We further investigated the performance of the Italian ROADS version in a broader sample of ALS patients and considered the level of response agreement administering the scale to each patient in two different times. In full accordance with the previous Italian study [9], we confirmed both an excellent internal and external (by comparison with the most widely used ALSFRS-R) consistency of our scale version. Although the intra-patient test–retest analysis returned an excellent concordance coefficients for each item responses including those related to the most challenging actions, an up to 16-point variability of the scale score was observed in some patient. This emphasizes the need to be accurate in explaining to patients how to exactly answer to the questionnaire. Our findings resulted unchanged after splitting cases into the two cohorts of patients, i.e. Padova and Modena, involved in the study and neither disease duration or respiratory functioning showed to affect consistency of answers.

Similarly, the setting where the questionnaire was compiled, i.e. hospital or home, appeared to have no bearing on the type of response.

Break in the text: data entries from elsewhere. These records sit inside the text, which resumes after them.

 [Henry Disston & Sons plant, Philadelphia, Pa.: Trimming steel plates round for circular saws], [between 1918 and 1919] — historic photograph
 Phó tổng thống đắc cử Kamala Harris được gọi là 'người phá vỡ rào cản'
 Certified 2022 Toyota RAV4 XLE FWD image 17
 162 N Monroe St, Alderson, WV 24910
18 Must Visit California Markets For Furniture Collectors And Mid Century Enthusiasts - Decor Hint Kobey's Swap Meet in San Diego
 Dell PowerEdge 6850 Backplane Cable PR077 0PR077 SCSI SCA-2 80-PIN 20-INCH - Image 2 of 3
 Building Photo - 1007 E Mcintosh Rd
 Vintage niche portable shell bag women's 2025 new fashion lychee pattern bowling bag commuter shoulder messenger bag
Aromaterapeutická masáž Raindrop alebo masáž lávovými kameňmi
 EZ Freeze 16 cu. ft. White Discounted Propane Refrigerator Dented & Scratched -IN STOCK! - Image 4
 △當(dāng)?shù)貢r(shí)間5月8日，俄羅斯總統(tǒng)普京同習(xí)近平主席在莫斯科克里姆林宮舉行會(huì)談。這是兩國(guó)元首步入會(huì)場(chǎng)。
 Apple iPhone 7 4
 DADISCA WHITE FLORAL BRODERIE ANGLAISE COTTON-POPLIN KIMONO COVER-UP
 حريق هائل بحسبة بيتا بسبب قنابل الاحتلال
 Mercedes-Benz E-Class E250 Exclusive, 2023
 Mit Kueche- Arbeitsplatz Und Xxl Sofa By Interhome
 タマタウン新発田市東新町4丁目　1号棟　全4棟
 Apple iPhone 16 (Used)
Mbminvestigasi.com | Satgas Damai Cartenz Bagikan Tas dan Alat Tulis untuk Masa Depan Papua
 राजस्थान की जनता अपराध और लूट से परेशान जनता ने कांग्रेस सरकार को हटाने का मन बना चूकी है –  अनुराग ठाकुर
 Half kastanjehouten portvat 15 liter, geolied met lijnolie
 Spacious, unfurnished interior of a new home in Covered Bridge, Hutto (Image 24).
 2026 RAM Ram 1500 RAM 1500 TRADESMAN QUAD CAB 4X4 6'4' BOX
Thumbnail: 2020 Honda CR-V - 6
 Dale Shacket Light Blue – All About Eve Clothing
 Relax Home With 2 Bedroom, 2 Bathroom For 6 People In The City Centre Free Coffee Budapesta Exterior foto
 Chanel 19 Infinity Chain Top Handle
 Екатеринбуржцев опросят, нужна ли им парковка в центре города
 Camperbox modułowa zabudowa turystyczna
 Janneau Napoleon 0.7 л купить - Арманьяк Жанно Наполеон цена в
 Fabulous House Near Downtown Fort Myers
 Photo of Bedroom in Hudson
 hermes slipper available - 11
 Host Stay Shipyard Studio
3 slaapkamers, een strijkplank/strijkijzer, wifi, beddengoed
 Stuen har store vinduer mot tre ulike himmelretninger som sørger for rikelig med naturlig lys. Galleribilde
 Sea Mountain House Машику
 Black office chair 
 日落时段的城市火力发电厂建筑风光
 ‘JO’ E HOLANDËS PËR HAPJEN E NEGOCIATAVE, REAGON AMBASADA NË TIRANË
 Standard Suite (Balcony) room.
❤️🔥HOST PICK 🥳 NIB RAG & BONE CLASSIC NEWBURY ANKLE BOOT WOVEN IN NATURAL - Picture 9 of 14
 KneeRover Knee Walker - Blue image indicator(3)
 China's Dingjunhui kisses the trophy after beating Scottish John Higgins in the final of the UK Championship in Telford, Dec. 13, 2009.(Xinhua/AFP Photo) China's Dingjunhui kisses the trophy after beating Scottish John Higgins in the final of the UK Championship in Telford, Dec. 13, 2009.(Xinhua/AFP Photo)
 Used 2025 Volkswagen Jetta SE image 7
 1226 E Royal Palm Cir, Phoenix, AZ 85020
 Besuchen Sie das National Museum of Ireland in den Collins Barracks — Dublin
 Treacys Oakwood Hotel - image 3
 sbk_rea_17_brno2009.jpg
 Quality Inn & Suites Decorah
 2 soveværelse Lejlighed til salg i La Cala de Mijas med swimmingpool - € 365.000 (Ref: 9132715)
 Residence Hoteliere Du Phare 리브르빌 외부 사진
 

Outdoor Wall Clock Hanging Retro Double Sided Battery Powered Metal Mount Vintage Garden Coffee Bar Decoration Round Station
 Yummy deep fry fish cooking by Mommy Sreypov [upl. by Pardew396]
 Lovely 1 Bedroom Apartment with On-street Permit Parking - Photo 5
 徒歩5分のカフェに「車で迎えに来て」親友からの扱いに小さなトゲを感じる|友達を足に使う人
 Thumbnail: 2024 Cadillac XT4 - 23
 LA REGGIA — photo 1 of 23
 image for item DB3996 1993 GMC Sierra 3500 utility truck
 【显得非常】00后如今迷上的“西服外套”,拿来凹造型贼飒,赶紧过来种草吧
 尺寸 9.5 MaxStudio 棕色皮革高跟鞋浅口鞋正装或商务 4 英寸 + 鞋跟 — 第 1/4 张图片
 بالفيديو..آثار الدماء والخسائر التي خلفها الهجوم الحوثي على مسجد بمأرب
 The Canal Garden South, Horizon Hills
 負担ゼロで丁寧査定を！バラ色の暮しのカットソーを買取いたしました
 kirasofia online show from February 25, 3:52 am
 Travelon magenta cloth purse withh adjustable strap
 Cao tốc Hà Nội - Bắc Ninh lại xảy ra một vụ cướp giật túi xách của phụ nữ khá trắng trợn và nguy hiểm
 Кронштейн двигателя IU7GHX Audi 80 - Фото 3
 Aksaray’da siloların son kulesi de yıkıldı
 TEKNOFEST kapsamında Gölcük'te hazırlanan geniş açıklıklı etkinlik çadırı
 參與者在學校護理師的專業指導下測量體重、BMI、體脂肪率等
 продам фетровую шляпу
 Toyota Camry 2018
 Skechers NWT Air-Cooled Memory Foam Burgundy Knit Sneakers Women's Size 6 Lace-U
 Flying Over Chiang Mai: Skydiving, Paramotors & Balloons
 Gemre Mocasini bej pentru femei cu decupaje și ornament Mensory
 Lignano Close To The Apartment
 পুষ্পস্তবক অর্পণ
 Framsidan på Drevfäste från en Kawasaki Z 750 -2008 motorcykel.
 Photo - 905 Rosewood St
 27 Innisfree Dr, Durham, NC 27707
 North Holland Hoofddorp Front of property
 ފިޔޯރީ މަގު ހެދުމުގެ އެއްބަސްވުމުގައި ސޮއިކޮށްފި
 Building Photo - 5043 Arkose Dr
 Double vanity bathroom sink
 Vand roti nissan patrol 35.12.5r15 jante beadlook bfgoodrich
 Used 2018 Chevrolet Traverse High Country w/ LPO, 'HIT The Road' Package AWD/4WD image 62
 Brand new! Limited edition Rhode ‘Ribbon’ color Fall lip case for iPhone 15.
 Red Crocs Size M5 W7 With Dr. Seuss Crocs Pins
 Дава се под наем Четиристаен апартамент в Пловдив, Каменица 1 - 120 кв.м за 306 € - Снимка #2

This is quite interesting as it implies that ROADS could be reliably used also for remote patient monitoring and thus it may represent a strategic tool for the ordinary clinical practice or in the context of clinical trials.

To keep the same conditions as the original version of the questionnaire, we had to modify the translation of some questions. Nevertheless, translation changes did not affect items functioning. In any case, we agree with the Chinese team [14] that a vignette representing the function explored by each question could help patients in completing/fulfilling the scale.

The novelty of our study is the longitudinal assessment of the ROADS which pointed to a stable correlation of the scale with progression of disability measured by the ALSFRS-R and quality of life according to the ALSAQ-40. It would have been interesting to compare the sensitivity as progression measure of the ROADS with ALSFRS-R being both functional scales; however, the small number of patients evaluated twice along with the short average time elapsed between the first and the second visit prevented us from drawing definite conclusions.

Finally, the Italian version of ROADS proved to be a reliable marker to monitor overall disability in ALS patients. Notwithstanding, further longitudinal studies are necessary to establish the ability of the scale to intercept disease changes over time even compared to measures already in use.